■ **Aim of the task**:
Would you print, word for word, only the lines running from the line with "Attēlu rezultāti vaicājumam" to the last line of the entries, without the pictures?

(Given entries)

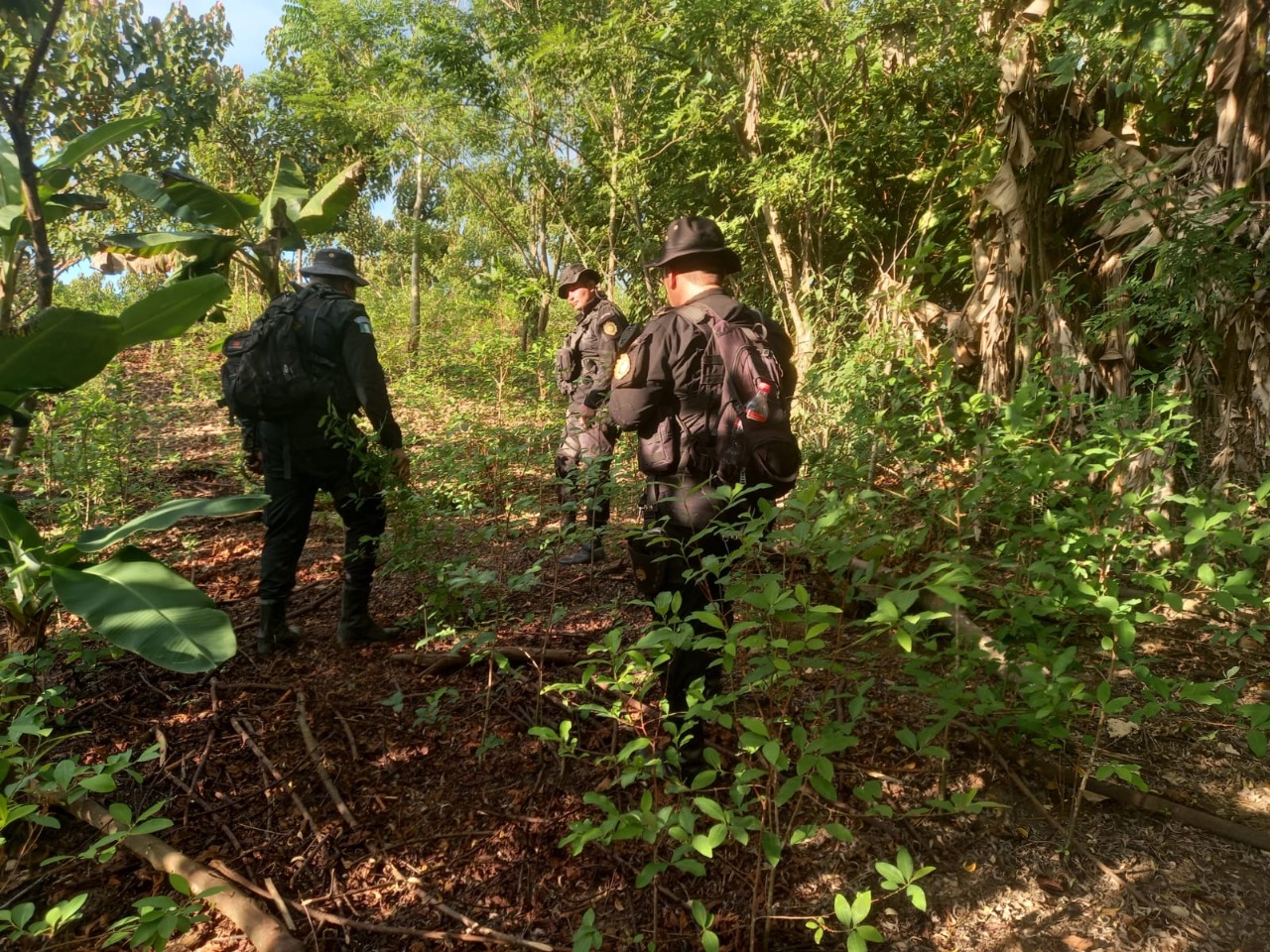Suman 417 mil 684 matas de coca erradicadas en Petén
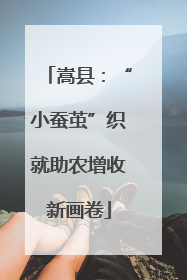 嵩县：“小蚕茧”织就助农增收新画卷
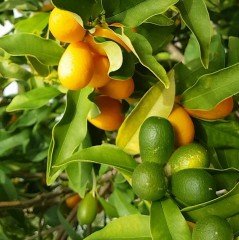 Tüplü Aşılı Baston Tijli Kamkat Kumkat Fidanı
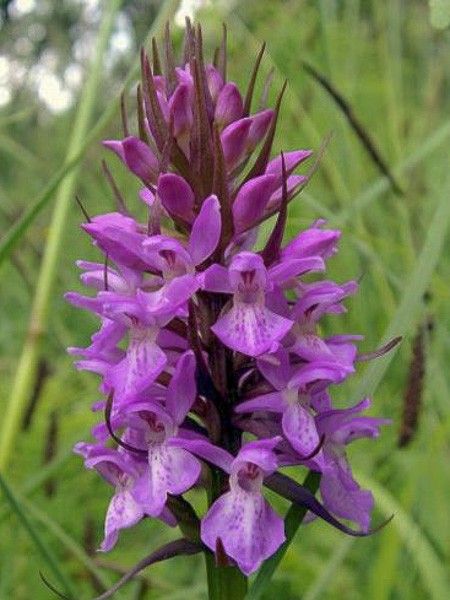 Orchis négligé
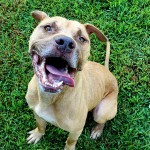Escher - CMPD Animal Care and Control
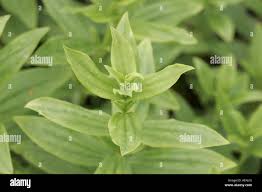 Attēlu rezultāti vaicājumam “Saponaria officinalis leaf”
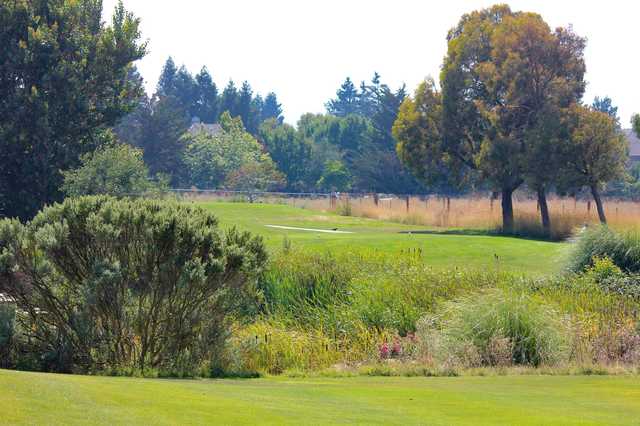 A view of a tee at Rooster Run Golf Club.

(End Given entries)

■ **Solved exercise**:
 Attēlu rezultāti vaicājumam “Saponaria officinalis leaf”
 A view of a tee at Rooster Run Golf Club.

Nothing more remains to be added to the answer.